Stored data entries
= Beginning of Section =
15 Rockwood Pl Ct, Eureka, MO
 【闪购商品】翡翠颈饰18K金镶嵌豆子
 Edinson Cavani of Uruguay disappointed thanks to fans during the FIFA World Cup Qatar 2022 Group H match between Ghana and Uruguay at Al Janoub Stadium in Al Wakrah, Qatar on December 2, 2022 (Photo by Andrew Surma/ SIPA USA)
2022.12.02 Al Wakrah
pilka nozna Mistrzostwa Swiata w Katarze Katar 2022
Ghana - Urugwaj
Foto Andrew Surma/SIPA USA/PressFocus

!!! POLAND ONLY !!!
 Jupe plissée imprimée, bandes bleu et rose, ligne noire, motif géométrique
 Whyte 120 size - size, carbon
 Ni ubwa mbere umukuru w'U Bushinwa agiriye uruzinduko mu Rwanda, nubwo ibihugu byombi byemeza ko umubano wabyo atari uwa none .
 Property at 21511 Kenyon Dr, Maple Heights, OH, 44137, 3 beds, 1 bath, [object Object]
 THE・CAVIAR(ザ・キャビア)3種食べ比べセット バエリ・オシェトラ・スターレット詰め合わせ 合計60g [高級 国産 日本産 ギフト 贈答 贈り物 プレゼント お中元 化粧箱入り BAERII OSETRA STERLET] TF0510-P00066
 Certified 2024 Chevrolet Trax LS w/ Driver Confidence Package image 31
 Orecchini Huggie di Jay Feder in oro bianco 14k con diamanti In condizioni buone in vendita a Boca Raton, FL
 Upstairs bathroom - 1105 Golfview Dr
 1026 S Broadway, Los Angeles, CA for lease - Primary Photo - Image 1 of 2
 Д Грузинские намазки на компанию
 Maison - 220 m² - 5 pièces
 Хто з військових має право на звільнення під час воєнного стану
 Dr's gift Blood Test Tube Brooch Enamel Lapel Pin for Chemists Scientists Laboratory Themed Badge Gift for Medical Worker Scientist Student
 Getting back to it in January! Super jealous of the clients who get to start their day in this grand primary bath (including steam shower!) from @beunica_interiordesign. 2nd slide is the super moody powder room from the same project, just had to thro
= End of Section =
Aim of the task:
Please copy the lines in the records above between the one holding "Jupe plissée imprimée, bandes" and the one holding "1026 S Broadway, Los", inclusive, exactly and with no other line.

Answer section:
 Jupe plissée imprimée, bandes bleu et rose, ligne noire, motif géométrique
 Whyte 120 size - size, carbon
 Ni ubwa mbere umukuru w'U Bushinwa agiriye uruzinduko mu Rwanda, nubwo ibihugu byombi byemeza ko umubano wabyo atari uwa none .
 Property at 21511 Kenyon Dr, Maple Heights, OH, 44137, 3 beds, 1 bath, [object Object]
 THE・CAVIAR(ザ・キャビア)3種食べ比べセット バエリ・オシェトラ・スターレット詰め合わせ 合計60g [高級 国産 日本産 ギフト 贈答 贈り物 プレゼント お中元 化粧箱入り BAERII OSETRA STERLET] TF0510-P00066
 Certified 2024 Chevrolet Trax LS w/ Driver Confidence Package image 31
 Orecchini Huggie di Jay Feder in oro bianco 14k con diamanti In condizioni buone in vendita a Boca Raton, FL
 Upstairs bathroom - 1105 Golfview Dr
 1026 S Broadway, Los Angeles, CA for lease - Primary Photo - Image 1 of 2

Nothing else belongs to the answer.